Writing on Stone Provincial Park


Park Amenities:
Dog Walking
Park Office
Sani Dump
Wildlife Watching

Writing on Stone Provincial Park is a sightseeing and historic destination located south of Lethbridge, Alberta, Canada on the banks of the Milk River in the Milk River Valley. The park is a sightseeing wilderness spectacle where coulees and hoodoos meet the grasslands prairie.

Lethbridge, Alberta, Canada photo galleryThe Writing on Stone Provincial Park is, first and foremost, a National Historic Site of Canada. A protected area. A special park because , long ago, the land was the hunting grounds and a transportation route for the Blackfoot First Nation people. And they left behind their stories for us to cherish.

The stories and experiences of the Blackfoot First Nation people are honored in the paintings (rock art) carved into the sides of the many hoodoos and coulees made from sandstone rock.

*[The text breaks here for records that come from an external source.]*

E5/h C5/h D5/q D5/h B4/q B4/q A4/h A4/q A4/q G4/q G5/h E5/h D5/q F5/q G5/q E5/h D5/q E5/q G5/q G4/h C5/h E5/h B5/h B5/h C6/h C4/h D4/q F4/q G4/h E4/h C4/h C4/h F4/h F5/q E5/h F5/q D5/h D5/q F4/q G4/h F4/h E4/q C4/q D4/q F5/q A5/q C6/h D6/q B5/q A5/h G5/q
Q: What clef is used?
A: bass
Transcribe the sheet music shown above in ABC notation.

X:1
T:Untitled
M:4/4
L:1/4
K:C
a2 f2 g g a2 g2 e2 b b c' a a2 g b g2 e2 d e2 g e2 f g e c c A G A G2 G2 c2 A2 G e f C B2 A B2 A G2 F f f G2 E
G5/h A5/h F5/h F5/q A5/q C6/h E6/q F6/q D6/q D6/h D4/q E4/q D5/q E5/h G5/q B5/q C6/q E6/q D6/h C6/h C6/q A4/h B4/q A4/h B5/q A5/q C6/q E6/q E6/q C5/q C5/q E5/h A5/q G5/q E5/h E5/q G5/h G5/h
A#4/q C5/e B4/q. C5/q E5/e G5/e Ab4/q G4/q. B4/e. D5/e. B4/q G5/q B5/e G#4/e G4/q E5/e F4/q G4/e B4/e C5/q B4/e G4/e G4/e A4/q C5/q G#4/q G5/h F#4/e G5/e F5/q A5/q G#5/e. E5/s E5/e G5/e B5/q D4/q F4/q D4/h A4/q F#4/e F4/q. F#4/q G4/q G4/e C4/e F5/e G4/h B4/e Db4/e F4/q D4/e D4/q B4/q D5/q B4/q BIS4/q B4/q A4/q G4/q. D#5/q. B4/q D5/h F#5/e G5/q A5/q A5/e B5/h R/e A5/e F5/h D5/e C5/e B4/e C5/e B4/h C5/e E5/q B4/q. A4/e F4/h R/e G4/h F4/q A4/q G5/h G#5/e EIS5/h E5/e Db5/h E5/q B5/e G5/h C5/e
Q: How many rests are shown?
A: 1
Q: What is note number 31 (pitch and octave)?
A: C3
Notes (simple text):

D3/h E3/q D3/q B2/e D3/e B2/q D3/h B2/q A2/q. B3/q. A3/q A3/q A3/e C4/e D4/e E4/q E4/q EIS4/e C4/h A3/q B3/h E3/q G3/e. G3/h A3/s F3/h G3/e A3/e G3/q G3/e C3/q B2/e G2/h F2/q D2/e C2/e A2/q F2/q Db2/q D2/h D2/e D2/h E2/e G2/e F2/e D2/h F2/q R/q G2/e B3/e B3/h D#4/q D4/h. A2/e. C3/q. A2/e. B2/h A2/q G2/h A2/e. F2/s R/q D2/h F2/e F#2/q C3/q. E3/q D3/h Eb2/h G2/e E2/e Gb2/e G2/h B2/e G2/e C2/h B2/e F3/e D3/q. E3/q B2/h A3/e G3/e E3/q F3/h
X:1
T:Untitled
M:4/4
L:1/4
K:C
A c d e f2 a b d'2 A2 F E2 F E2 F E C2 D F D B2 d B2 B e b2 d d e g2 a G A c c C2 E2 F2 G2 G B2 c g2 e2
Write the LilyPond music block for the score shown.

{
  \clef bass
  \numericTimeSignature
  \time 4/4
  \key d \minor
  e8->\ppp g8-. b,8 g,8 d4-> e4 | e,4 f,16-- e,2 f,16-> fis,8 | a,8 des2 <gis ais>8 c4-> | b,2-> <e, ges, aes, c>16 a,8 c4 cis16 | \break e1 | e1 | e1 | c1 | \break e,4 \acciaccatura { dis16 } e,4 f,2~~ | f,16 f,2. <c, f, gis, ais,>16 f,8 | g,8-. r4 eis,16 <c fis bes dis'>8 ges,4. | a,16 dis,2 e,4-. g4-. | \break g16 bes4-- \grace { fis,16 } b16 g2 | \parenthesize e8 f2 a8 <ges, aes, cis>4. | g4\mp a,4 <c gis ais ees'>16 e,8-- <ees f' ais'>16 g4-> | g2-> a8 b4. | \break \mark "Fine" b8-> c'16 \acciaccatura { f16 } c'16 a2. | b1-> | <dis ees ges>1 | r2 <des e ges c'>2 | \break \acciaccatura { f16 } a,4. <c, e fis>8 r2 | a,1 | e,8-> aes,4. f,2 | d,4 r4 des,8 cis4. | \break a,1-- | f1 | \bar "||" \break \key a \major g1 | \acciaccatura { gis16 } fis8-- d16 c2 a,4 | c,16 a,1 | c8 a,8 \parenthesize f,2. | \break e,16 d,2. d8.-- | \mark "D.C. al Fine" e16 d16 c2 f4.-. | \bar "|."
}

The Blackfoot First Nation people used sharp rocks, horns of animals and wood from trees to carve their drawings into the sandstone cliffs. For color - like red, orange and yellow - they would use a mixture of crushed iron ore and animal fat.

The Writing on Stone Provincial Park was first established in 1957 and the archaeological reserve was established in 1977. This Lethbridge, Alberta park is divided into three separate areas. There is the public park, the backcountry hiking zone and the Archaeological Preserve which, by the way, is a restricted area with conditions.

The public park area provides services and an opportunity to explore giant hoodoo cliffs along the banks of the Milk River. There are walking trails leading to a historic Blackfoot First Nation battle site, to viewpoints and to some beautiful scenery.

The public park is the site of the park office. There are many services and amenities like a picnic day use area, an amphitheatre, an information centre, a gift shop, a campground and some public washrooms.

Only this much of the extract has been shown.